The workings of the tourist trail around Sapa.
The thing about Sapa is its scenery outside town, something we hadn’t really appreciated yet because of the low clouds. But one day, driving in the direction of Lao Cai, we have more luck. Much of the fog has disappeared, and the rice paddy landscape unfolds after every bend in the road, steep terraces filled with water. With a bit of imagination we can even project some sunlight into the picture, and then you realise why all these tourists come to Sapa!

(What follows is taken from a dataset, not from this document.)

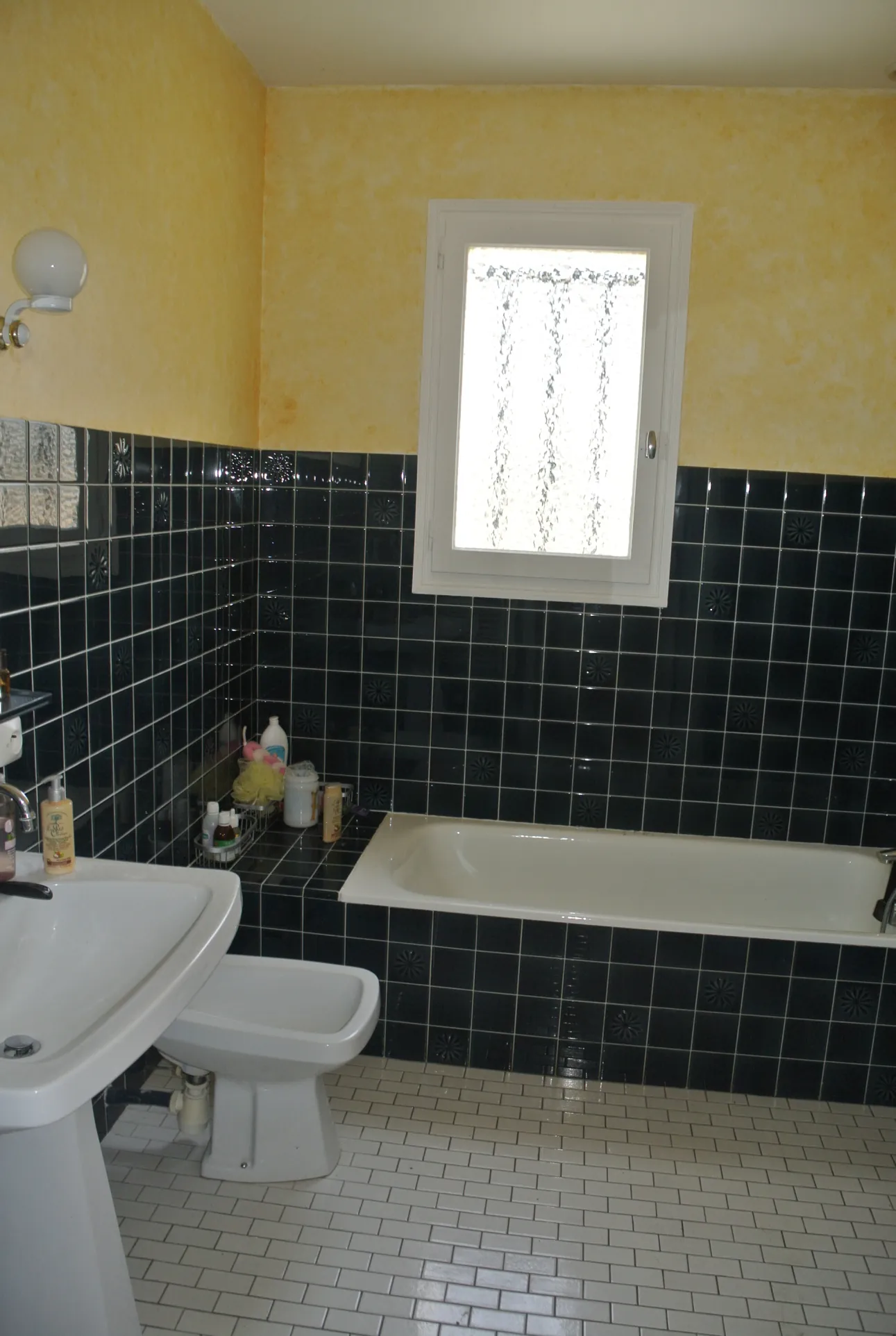 Maison de plain-pied à vendre près de Marmande avec jardin et garage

Filled with enthusiasm, we also book a walking tour, a sort of a one-day mini-track, past some of the ethnic minority villages and through the rice paddies. Our guide, an enterprising young lady, herself from the Hmong minority, picks us up from our hotel early one morning. In the mist – there is mist every morning, but the weather forecast for Sapa is sunny and dry, even relatively warm. My suggestion to wait for a while, see if the mist clears, she waves away: “if you wait for the sun to leave Sapa, you’ll never leave”. Right! It would have been nice if our guidebook had contained some text to that extent, then we might have reconsidered our travel itinerary – we do get a little fed up with the weather, to be honest.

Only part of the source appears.